Die Rückkehr der Königin nach Kenilworth erfolgte erst nach einer langen und höchst erfolgreichen Frühjagd, an die sich ein Festmahl schloß, das nicht minder lange dauerte; und erst nach Schluß desselben konnte sich Leicester unter vier Augen mit Varney treffen. Aus seinem Munde erfuhr er die sämtlichen Einzelheiten der Flucht der Gräfin, wie sie nach Kenilworth durch Foster berichtet worden waren, der sich, in seiner Angst vor den Folgen selbst nach dem Schlosse auf den Weg gemacht hatte.

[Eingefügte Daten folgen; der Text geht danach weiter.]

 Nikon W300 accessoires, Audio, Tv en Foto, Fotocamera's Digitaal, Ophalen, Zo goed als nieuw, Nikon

Da Varney sich in seiner Darstellung weislich hütete, von jenen Praktiken ein Wort zu sagen, die gegen die Gesundheit der Gräfin unternommen worden waren, und deren Kenntnis sie zu dem verzweifelten Schritte getrieben hatte, war Leicester, der infolgedessen nur annehmen konnte, sie habe so gehandelt bloß aus maßloser Ungeduld, sich die ihrem Range gebührenden Ehren zu verschaffen, nicht wenig erregt über den Leichtsinn, mit dem sich seine Gemahlin über die von ihm gegebnen Anordnungen hinweg- und sich selbst dem Zorne der Königin ausgesetzt hatte.

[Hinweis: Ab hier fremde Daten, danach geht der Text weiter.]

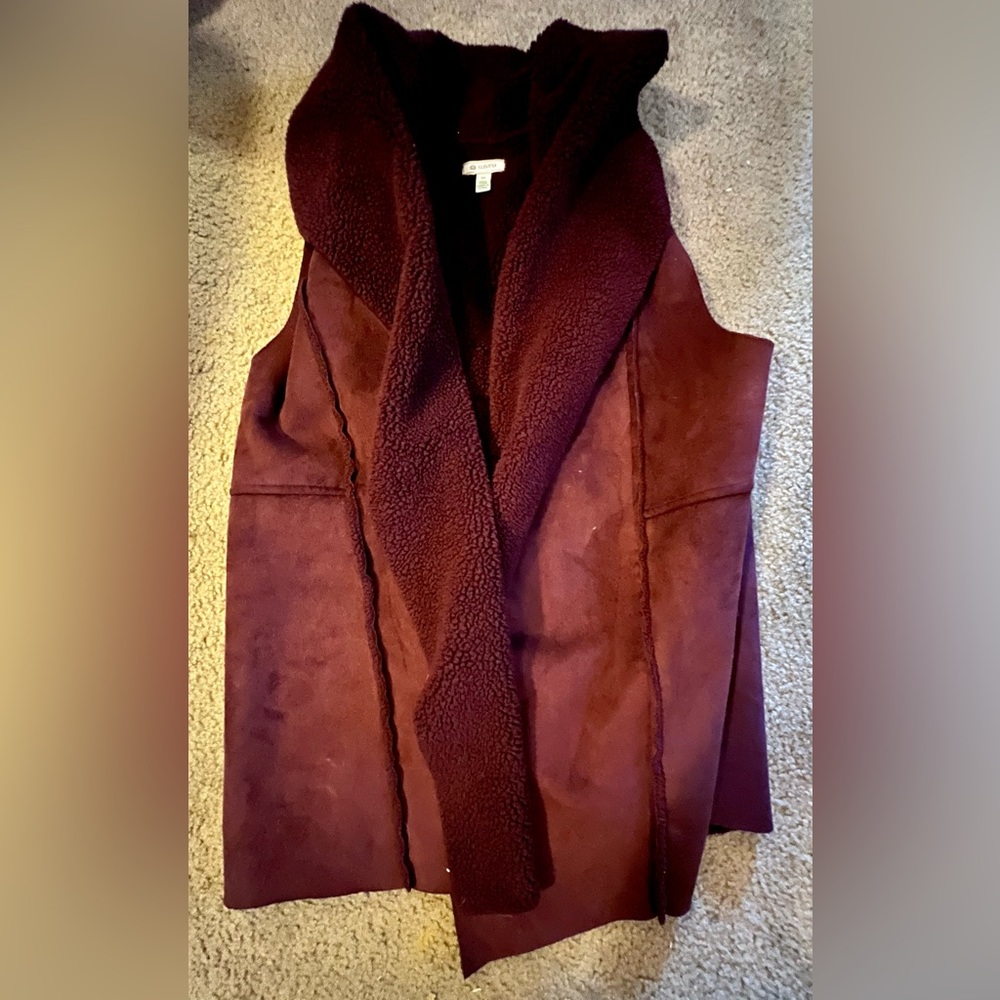 Susina faux fur vest- burgundy/maroon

»Wir werden,« suchte Varney ihn zu beruhigen, »über das alles noch leidlich hinwegkommen, wenn Mylady sich bestimmen läßt, die Rolle anzunehmen, die die Zeit befiehlt.«

»Das trifft allerdings nur zu sehr zu, Sir Richard,« erwiderte Leicester. »Es gibt hier tatsächlich kein andres Heilmittel. Ich habe sie in meiner Gegenwart als Deine Frau anreden hören, ohne zu widersprechen. Sie muß den Namen tragen, bis sie von Kenilworth weg ist.«

»Und hernach auch noch lange, meine ich,« erwiderte Varney, und sogleich setzte er hinzu: »denn ich kann nur hoffen, daß es noch lange dauern möge, bis sie den Titel einer Lady Leicester fühlen wird ... ich fürchte, vielleicht so lange, wie die Königin leben wird. ... Aber Eure Herrlichkeit ist am besten Richter, denn Ihr allein wißt doch, wie Ihr mit der Königin daran seid.«

Leicester seufzte und schwieg eine Weile, ehe er Antwort gab.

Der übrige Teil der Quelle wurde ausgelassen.